Proctor, Larry (1995) Characterization of the auditory thalamic nucleus of the barn owl. Dissertation (Ph.D.), California Institute of Technology. http://resolver.caltech.edu/CaltechETD:etd-10182007-094614

Abstract

The barn owl has the remarkable ability to accurately localize a target on the basis of auditory cues alone. The investigation of the central nervous system mechanisms underlying the sensory aspect of this behavior led to the discovery of neurons which have auditory receptive fields restricted to small regions of the acoustic environment. Neurons with these characteristics were found both in the forebrain and in the inferior colliculus. In the inferior colliculus, neurons which were near one another had receptive fields which were near one another in the sound field; there was a physiological map of auditory space. No such organization was observed in the forebrain. The auditory map of space in the inferior colliculus projects to the optic tectum where it is preserved and placed in register with a visual map of space. The auditory space map in the inferior colliculus and optic tectum have been functionally related to sound localization in a behavioral assay. Recent experiments have demonstrated that the thalamo-telencephalic auditory pathway is sufficient for localization of sound sources, despite the fact that a topographic map of auditory space has not been demonstrated in this neural pathway. The purpose of the work reported upon here was to examine the manner in which the auditory thalamus, nucleus ovoidalis (N.Ov), transforms the neural code which represents the auditory environment. Neurons in nucleus ovoidalis were characterized with respect to their responses to stimulation with sounds presented through earphones. This dichotic stimulation allowed for the independent control of the amplitude, frequency and temporal structure of the sounds delivered to the ear. The anatomy of the afferent and efferent pathways to the auditory thalamus were also investigated.

The activity of extracellularly isolated single-neurons was recorded in the nucleus ovoidalis of the anesthetized barn owl. This nucleus contains two subdivisions based on tonotopic organization. The central and medial portion of the nucleus is organized such that neurons responding well to high frequencies tend to be located dorsally while neurons which respond well to lower frequencies are located progressively more ventral. In the lateral portion of the nucleus, neurons in a dorsoventral electrode penetration have the same best frequency, between 4.5 and 5.0 kHz. Of 114 neurons whose best frequency tuning curves were characterized completely, 14 had two or three clearly distinguishable peaks. The response to sound localization cues at one of the frequency peaks was different from those at the other frequency peak(s). Of 207 neurons which were recorded within N.Ov, all responded to auditory stimulation with broad band noise and all were sensitive to at least one sound localization parameter. In contrast to previously studied auditory nuclei in the medulla and mesencephalon of the barn owl, there was no apparent systematic mapping of either sound localization cue in the dorsoventral, mediolateral or rostrocaudal axes.

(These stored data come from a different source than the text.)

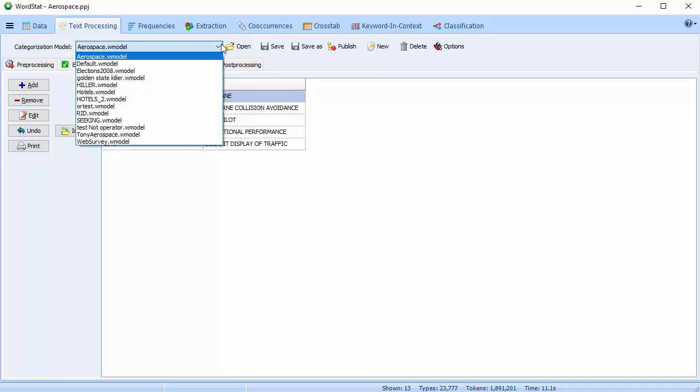You can now tailor and save your exclusion and substitution lists, along with your categorization dictionary, in one categorization process file. This file can be reused on other Wordstat projects, as well as in QDA Miner, Wordstat Document Explorer, and in our software development kit.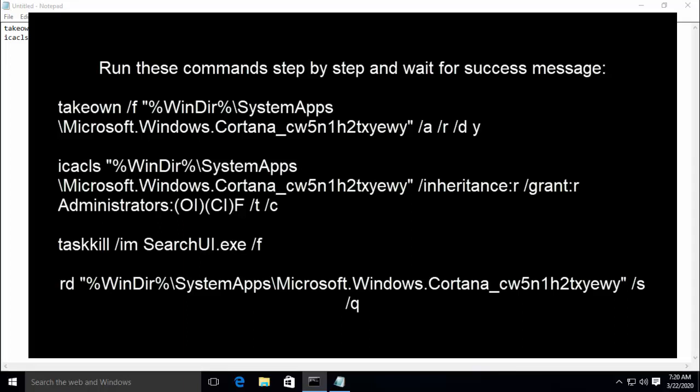The next command is to kill the task of SearchUI. I'll paste it here first and then let's run this command.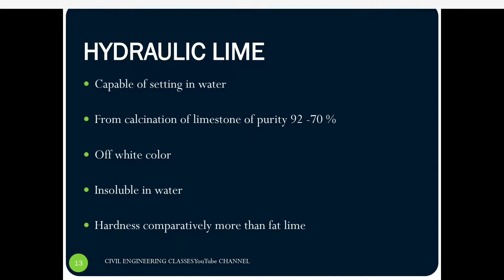The next type is hydraulic lime. It got the name because it is capable of setting in water. It is mainly formed by the calcination of limestone of 92 to 70 percentage purity. So fat lime was formed from limestone having 95% purity, whereas hydraulic lime is formed from limestone with 92 to 70% purity. Since it has comparatively less purity, its color is off-white, and it is partially insoluble in water.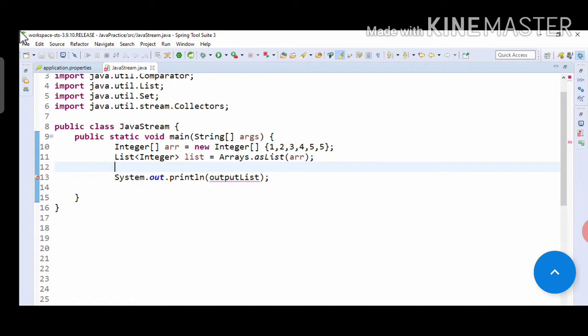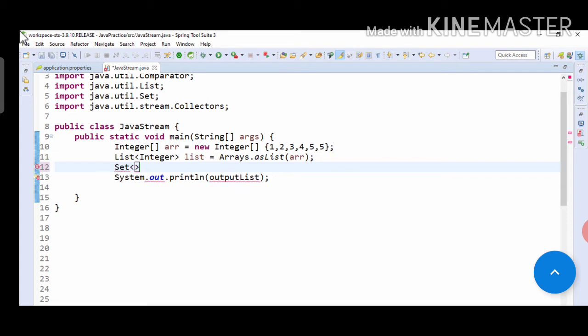If you want to remove this from the stream input, as you know, a set doesn't allow duplicates, right? So we will be using a set in this video. For this logic, we create a Set of Integer, and let's assume one variable: set list equals to...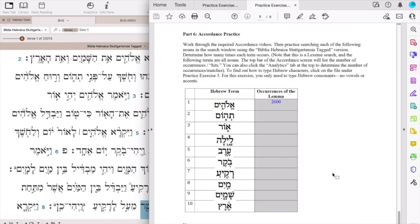Searching for the number of occurrences of words in Accordance. This short video is intended to help you with Practice Exercise 3, Part 6. You'll notice that the sample word I gave you was Elohim, the word for God, and that I came up with 2,600 occurrences.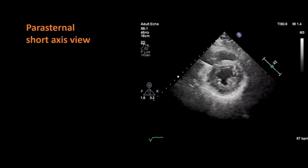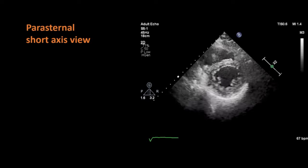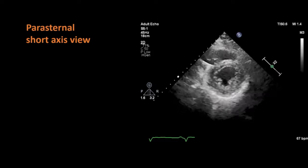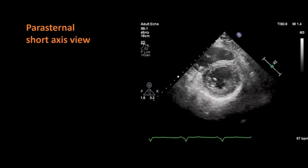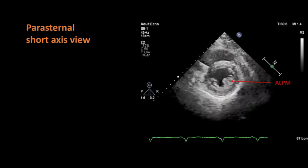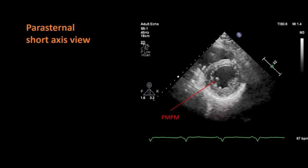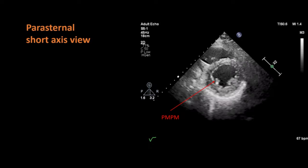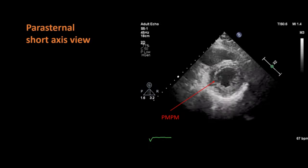This is the same short axis view of the heart but at the papillary muscle level. It is obtained by tilting the probe towards the cardiac apex from the previous position. In this view, you can see both papillary muscles of the left ventricle: the anterolateral papillary muscle and the posteromedial papillary muscle. With visual assessment, you can also comment on the left ventricular function in this view.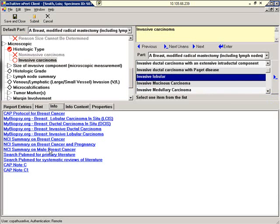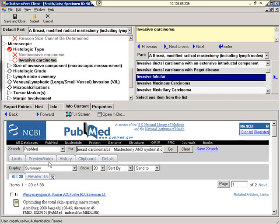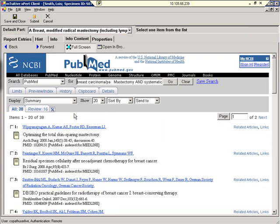We'll click on Info, and we'll click on Search PubMed. What the system has done is it's gone out to the PubMed website and performed a contextual search. In other words, it has just retrieved information that is applicable to the case you are working on. There are only 38 cases out of all the available cases on PubMed that apply.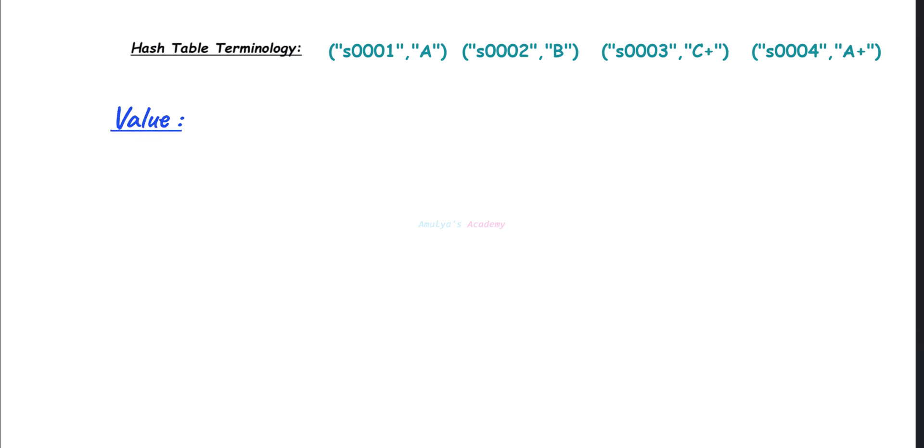And the next term is value. The data associated with the key in the hash table is called value. In the above example, A, B, C+, these are all values.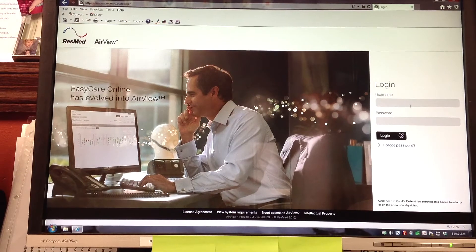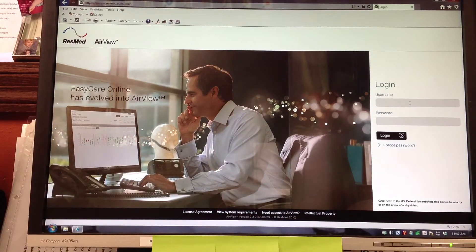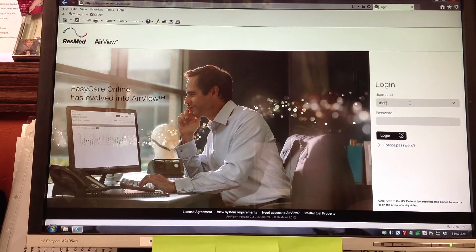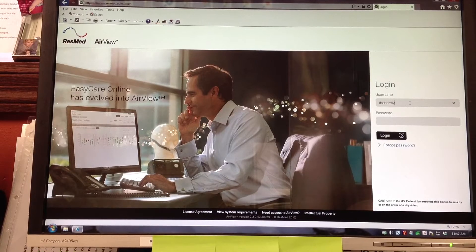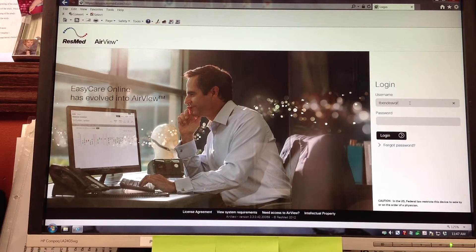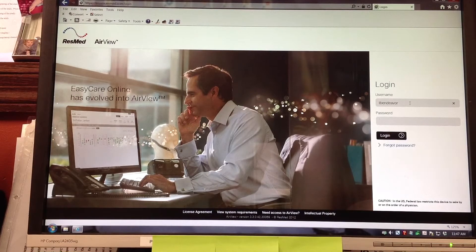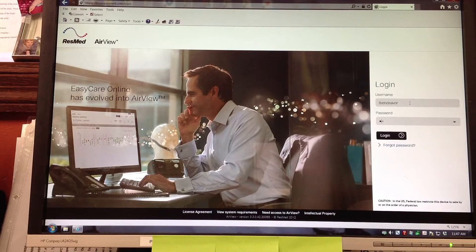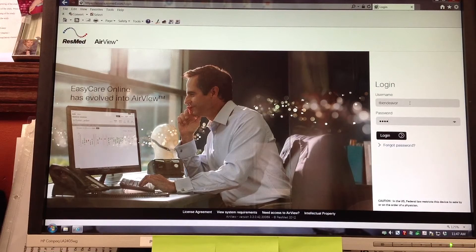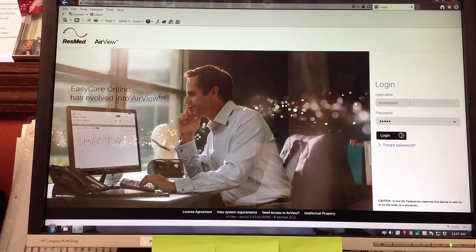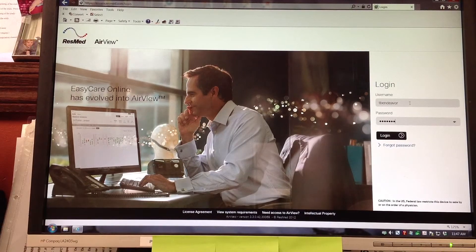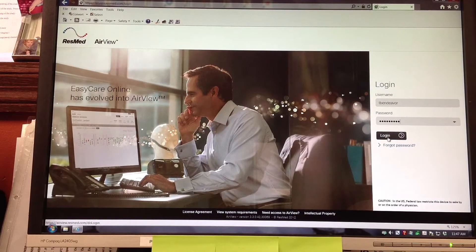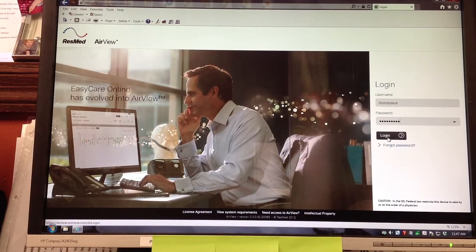Now she's going over to the login. You will be putting your assigned username and assigned password into the system. Every clinical user at every QuadMed clinic will have an assigned username and assigned password. Next she's going to click login.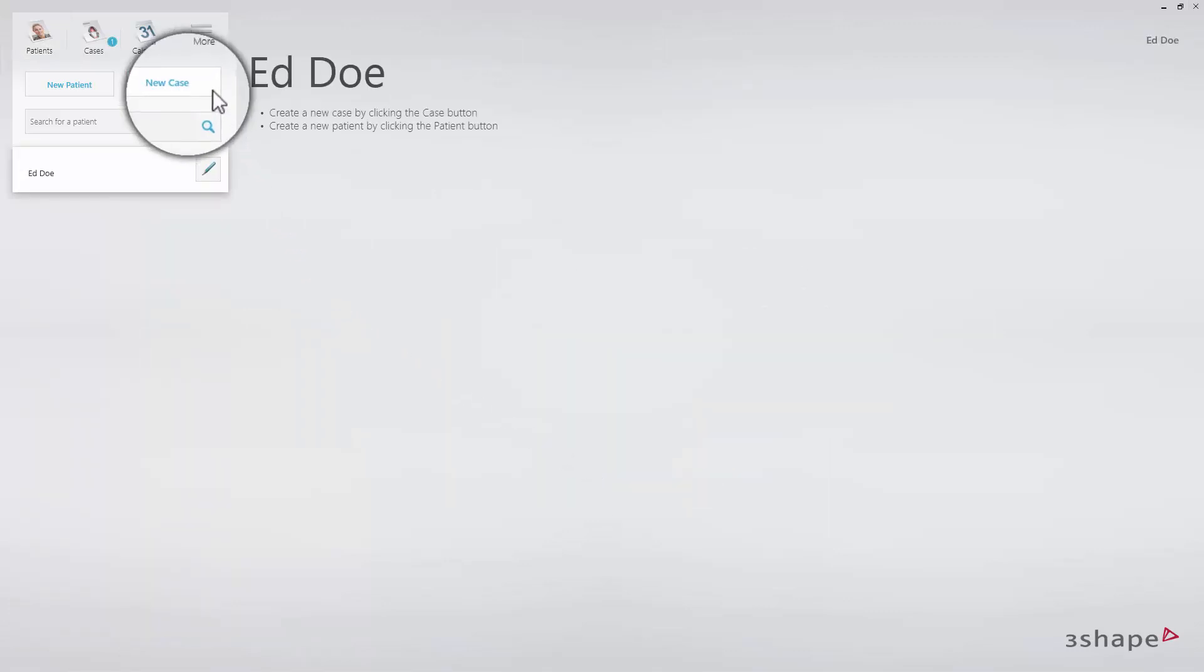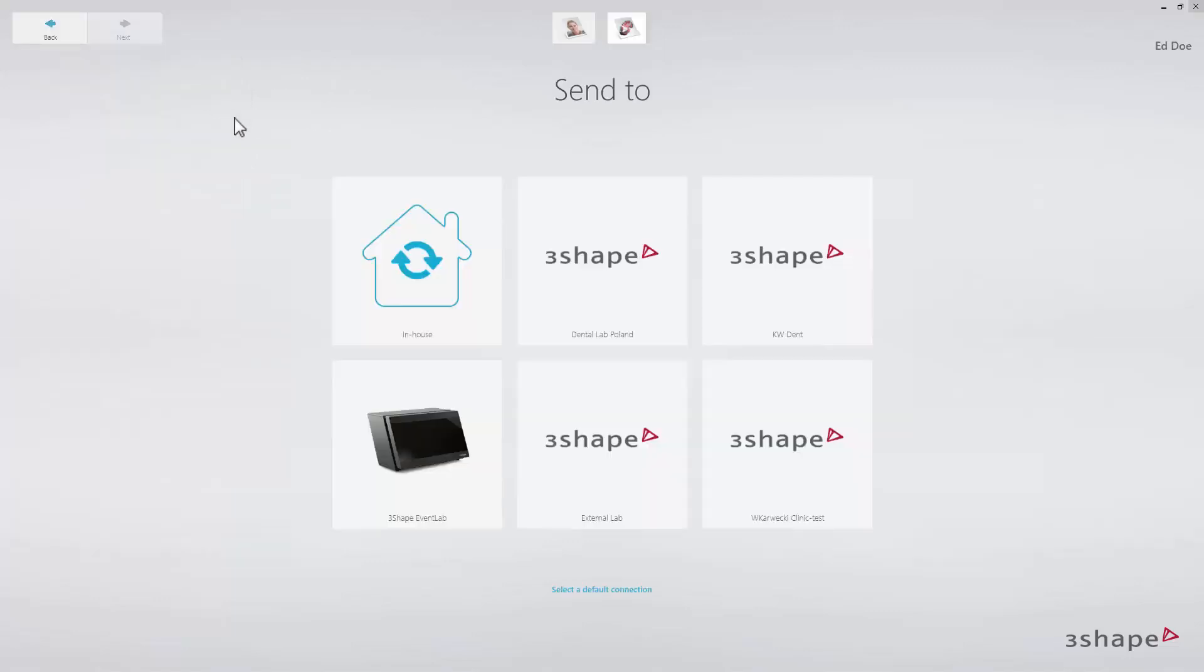Click new case to create a case for the patient you have just created and which is now selected. Select who to send the case to, choose between in-house or any of the lab or partners you have registered in the system.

Neurons within N.Ov had response tuning curves to interaural time difference (ITD), interaural intensity difference (IID) and frequency which were most similar to those found in the lateral shell and core subdivisions of the central nucleus of the inferior colliculus (ICc). However, neurons were found in ovoidalis which had combinations of response tuning curve types not previously observed in the auditory system of the barn owl. Thirteen neurons were classified as space-specific, although their response properties were not always similar to neurons in the space maps of ICx or optic tectum. Six neurons were found which had broad frequency tuning curves but which also had ambiguous ITD or IID tuning curves in response to white noise.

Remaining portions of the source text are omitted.